The task:
Exact copies of the lines from the one holding "Men's 2021 U.S." through the last line of the entries below are to be printed, with pictures omitted.

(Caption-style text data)
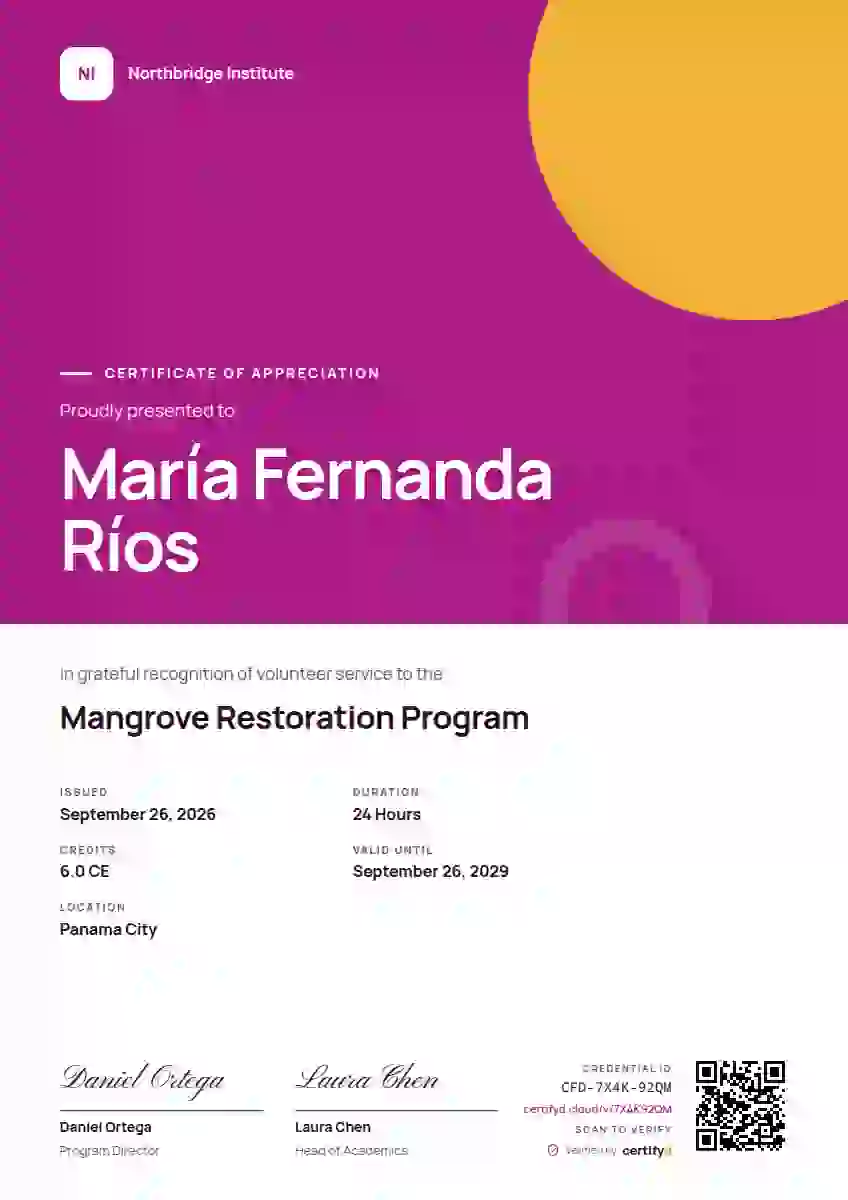 Portrait Modern Magenta Tall Block volunteer appreciation certificate template
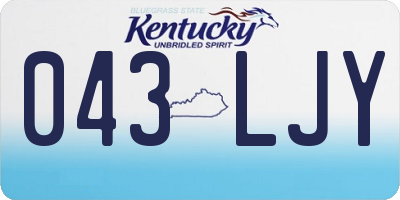 KY license plate 043LJY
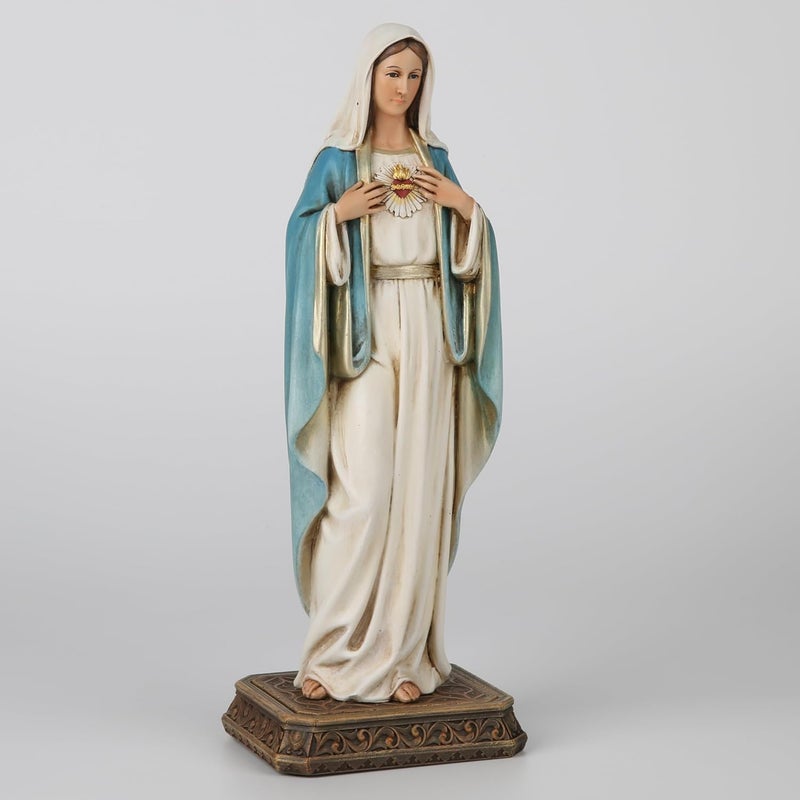 BC BUILDCLASSIC BC Catholic Immaculate Heart Mary Statue, 10" H Blessed Virgin Mary Figure for Altar, Holy Mother with Rosary Holder for Prayer Note, Religious Gift to Mon, Catholic Decor, Handmade by Buildclassic - Image 4
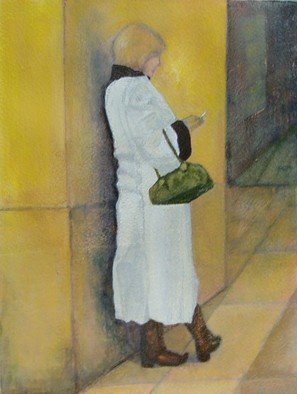 Elizabeth Bogard; Checking Calls, 2009, Original Painting Acrylic, 9 x 12 inches. Artwork description: 241 Painted from original photograph.  Matted and Framed. ...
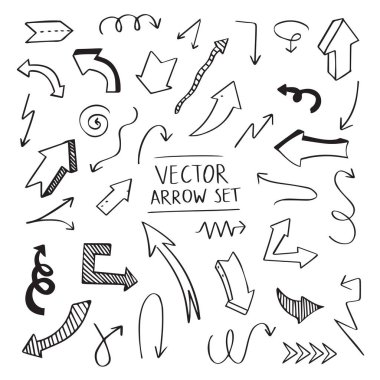 Vektör kaba el çizilmiş oklar beyaz arka planda izole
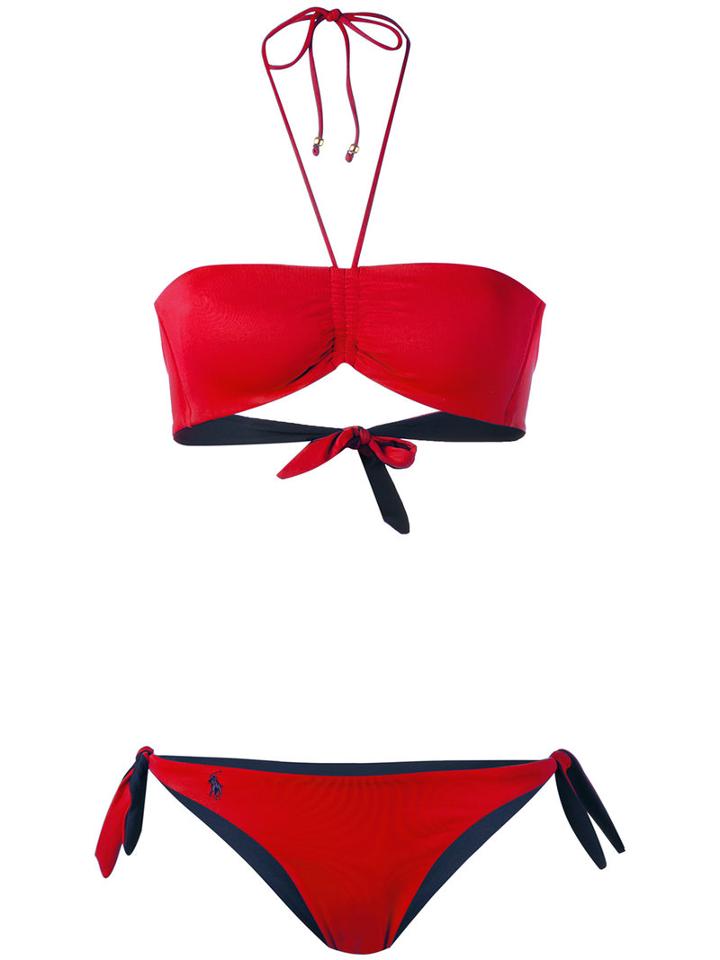Polo Ralph Lauren - Bandeau Bikini - Women - Nylon/spandex/elastane - L, Red, Nylon/spandex/elastane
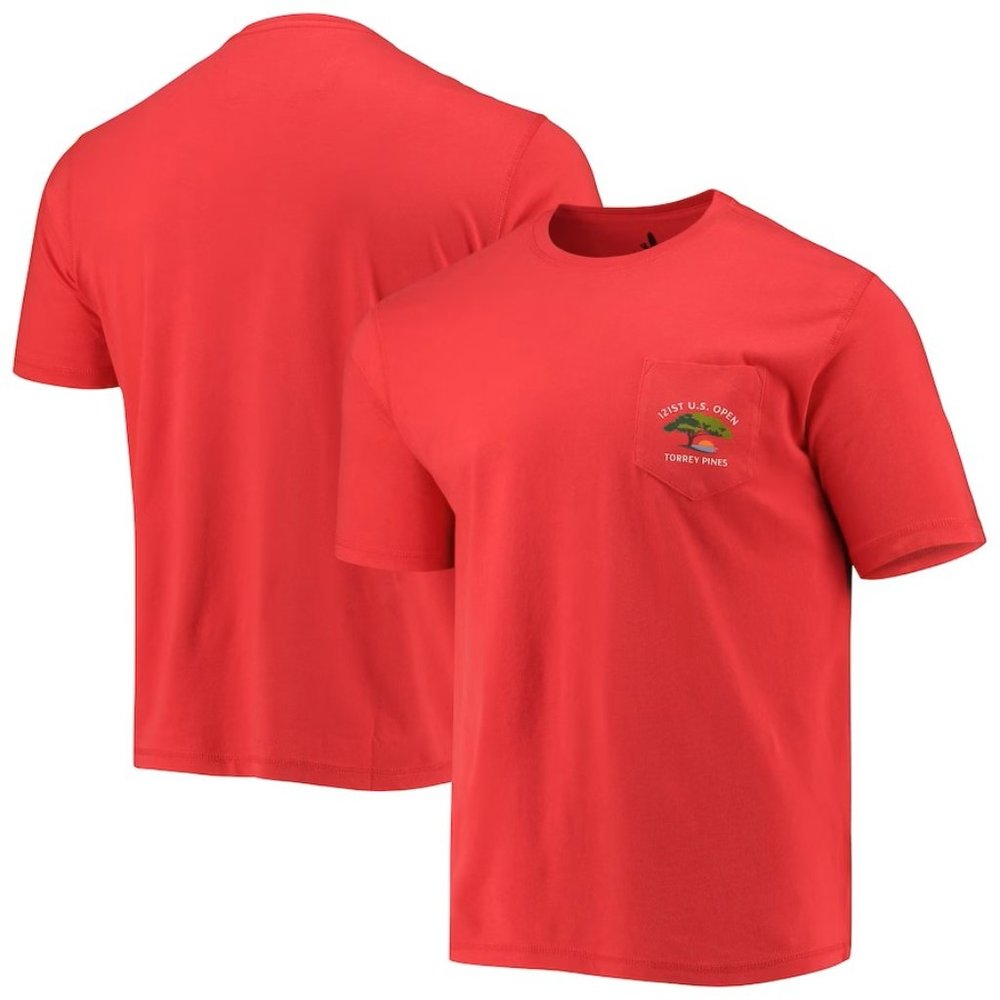Men's 2021 U.S. Open johnnie-O Red Tyler Pocket T-Shirt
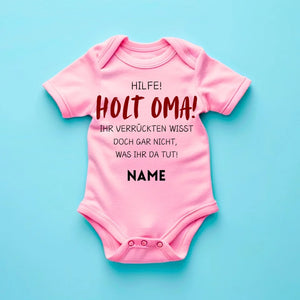 Holt Oma zur Hilfe - Personalisierter Baby-Onesie/ Strampler, witziges Weihnachtsgeschenk, 100% Bio-Baumwolle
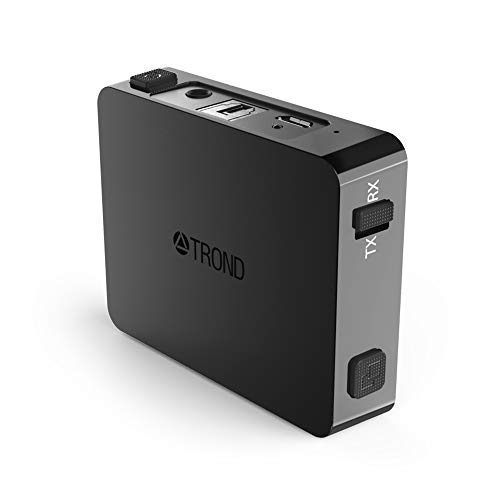 TROND Bluetooth Transmitter Receiver for TV PC iPod, Digital Optical Input & 3.5mm Aux Port, 500mAh Battery Powered, Dual Link AptX Low Latency - Specially Designed for Pairing Two Devices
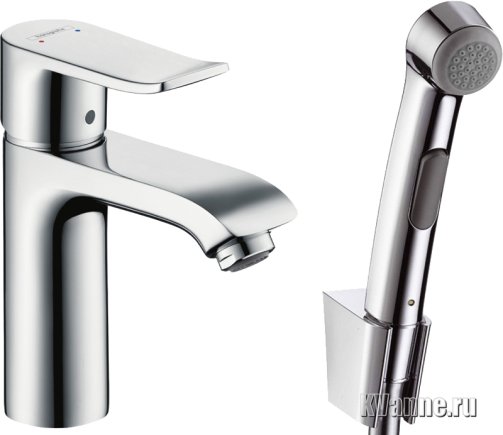 Смеситель для раковины Hansgrohe Metris с душем и сливным клапаном Push-Open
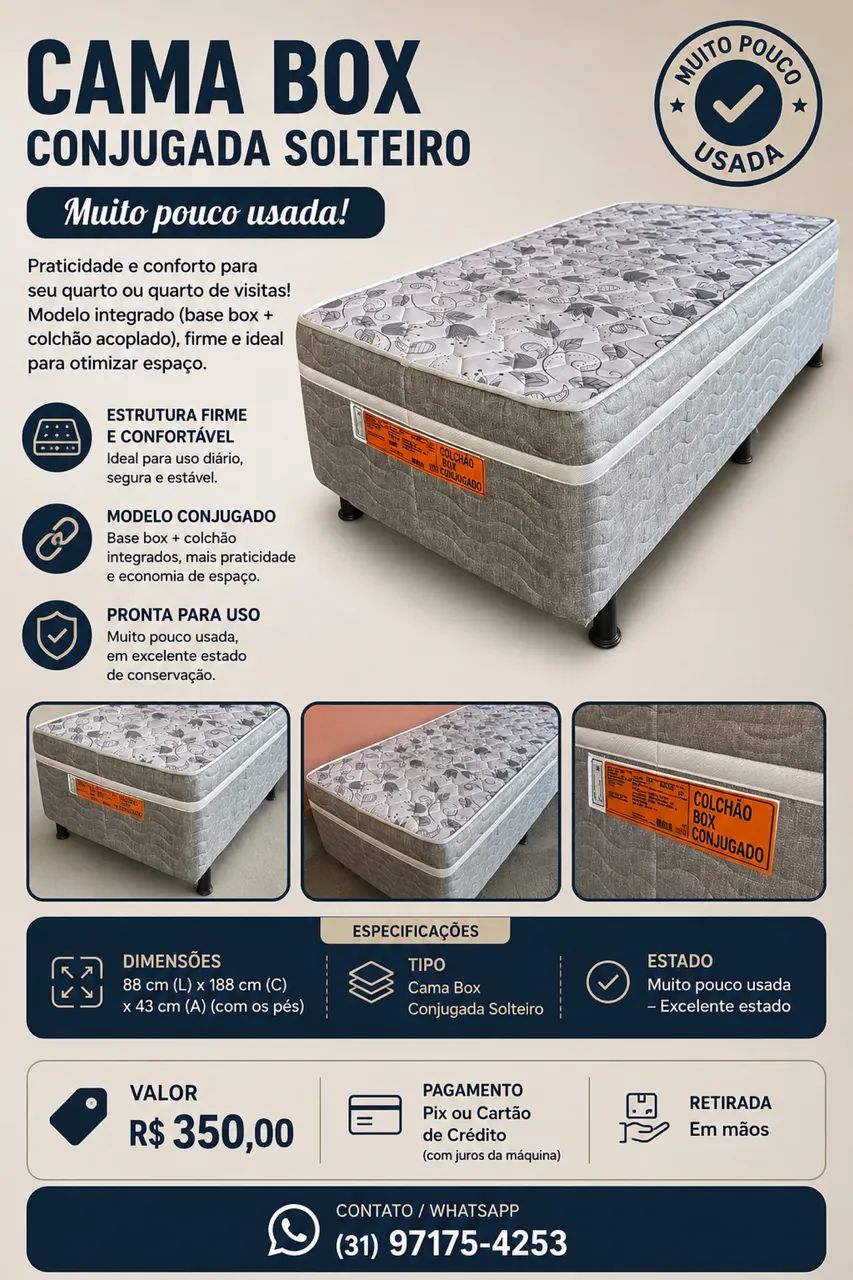 Cama Box Conjugada Solteiro 88x188x43cm - Excelente Estado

Written solution:
Men's 2021 U.S. Open johnnie-O Red Tyler Pocket T-Shirt
 Holt Oma zur Hilfe - Personalisierter Baby-Onesie/ Strampler, witziges Weihnachtsgeschenk, 100% Bio-Baumwolle
 TROND Bluetooth Transmitter Receiver for TV PC iPod, Digital Optical Input & 3.5mm Aux Port, 500mAh Battery Powered, Dual Link AptX Low Latency - Specially Designed for Pairing Two Devices
 Смеситель для раковины Hansgrohe Metris с душем и сливным клапаном Push-Open
 Cama Box Conjugada Solteiro 88x188x43cm - Excelente Estado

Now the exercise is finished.